## WHAT THE TASK ASKS
Print all of the data exactly as written.

+ + + + +

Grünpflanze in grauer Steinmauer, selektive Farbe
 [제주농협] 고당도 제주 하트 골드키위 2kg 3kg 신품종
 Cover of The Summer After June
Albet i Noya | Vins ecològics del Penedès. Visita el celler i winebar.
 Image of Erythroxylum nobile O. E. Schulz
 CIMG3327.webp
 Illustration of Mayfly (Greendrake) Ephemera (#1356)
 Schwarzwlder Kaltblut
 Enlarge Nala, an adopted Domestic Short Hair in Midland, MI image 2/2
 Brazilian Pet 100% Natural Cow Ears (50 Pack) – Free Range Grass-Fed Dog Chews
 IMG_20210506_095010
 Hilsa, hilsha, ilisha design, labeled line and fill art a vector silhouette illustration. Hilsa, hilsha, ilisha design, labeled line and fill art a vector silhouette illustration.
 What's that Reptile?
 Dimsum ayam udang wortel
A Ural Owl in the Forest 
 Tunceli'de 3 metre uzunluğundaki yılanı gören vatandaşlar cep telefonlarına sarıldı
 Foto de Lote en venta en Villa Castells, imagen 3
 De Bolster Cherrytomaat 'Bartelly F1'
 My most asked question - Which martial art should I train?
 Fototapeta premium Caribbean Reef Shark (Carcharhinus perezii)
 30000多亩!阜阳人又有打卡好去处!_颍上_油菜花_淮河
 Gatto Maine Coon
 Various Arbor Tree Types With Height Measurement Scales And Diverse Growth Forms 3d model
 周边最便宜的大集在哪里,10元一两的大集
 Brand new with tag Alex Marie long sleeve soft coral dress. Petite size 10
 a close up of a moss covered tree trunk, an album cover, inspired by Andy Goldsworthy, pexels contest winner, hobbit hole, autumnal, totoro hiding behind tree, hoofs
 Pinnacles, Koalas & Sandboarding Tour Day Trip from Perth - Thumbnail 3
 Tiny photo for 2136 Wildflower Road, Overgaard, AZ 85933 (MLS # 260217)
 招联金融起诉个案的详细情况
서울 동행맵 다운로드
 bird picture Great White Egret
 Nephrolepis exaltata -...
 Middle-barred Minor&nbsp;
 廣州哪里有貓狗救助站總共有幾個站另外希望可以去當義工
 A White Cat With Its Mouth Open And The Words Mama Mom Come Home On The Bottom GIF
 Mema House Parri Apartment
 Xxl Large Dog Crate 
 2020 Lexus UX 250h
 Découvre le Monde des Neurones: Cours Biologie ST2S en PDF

+ + + + +

## RESPONSE TO THE EXERCISE
Grünpflanze in grauer Steinmauer, selektive Farbe
 [제주농협] 고당도 제주 하트 골드키위 2kg 3kg 신품종
 Cover of The Summer After June
Albet i Noya | Vins ecològics del Penedès. Visita el celler i winebar.
 Image of Erythroxylum nobile O. E. Schulz
 CIMG3327.webp
 Illustration of Mayfly (Greendrake) Ephemera (#1356)
 Schwarzwlder Kaltblut
 Enlarge Nala, an adopted Domestic Short Hair in Midland, MI image 2/2
 Brazilian Pet 100% Natural Cow Ears (50 Pack) – Free Range Grass-Fed Dog Chews
 IMG_20210506_095010
 Hilsa, hilsha, ilisha design, labeled line and fill art a vector silhouette illustration. Hilsa, hilsha, ilisha design, labeled line and fill art a vector silhouette illustration.
 What's that Reptile?
 Dimsum ayam udang wortel
A Ural Owl in the Forest 
 Tunceli'de 3 metre uzunluğundaki yılanı gören vatandaşlar cep telefonlarına sarıldı
 Foto de Lote en venta en Villa Castells, imagen 3
 De Bolster Cherrytomaat 'Bartelly F1'
 My most asked question - Which martial art should I train?
 Fototapeta premium Caribbean Reef Shark (Carcharhinus perezii)
 30000多亩!阜阳人又有打卡好去处!_颍上_油菜花_淮河
 Gatto Maine Coon
 Various Arbor Tree Types With Height Measurement Scales And Diverse Growth Forms 3d model
 周边最便宜的大集在哪里,10元一两的大集
 Brand new with tag Alex Marie long sleeve soft coral dress. Petite size 10
 a close up of a moss covered tree trunk, an album cover, inspired by Andy Goldsworthy, pexels contest winner, hobbit hole, autumnal, totoro hiding behind tree, hoofs
 Pinnacles, Koalas & Sandboarding Tour Day Trip from Perth - Thumbnail 3
 Tiny photo for 2136 Wildflower Road, Overgaard, AZ 85933 (MLS # 260217)
 招联金融起诉个案的详细情况
서울 동행맵 다운로드
 bird picture Great White Egret
 Nephrolepis exaltata -...
 Middle-barred Minor&nbsp;
 廣州哪里有貓狗救助站總共有幾個站另外希望可以去當義工
 A White Cat With Its Mouth Open And The Words Mama Mom Come Home On The Bottom GIF
 Mema House Parri Apartment
 Xxl Large Dog Crate 
 2020 Lexus UX 250h
 Découvre le Monde des Neurones: Cours Biologie ST2S en PDF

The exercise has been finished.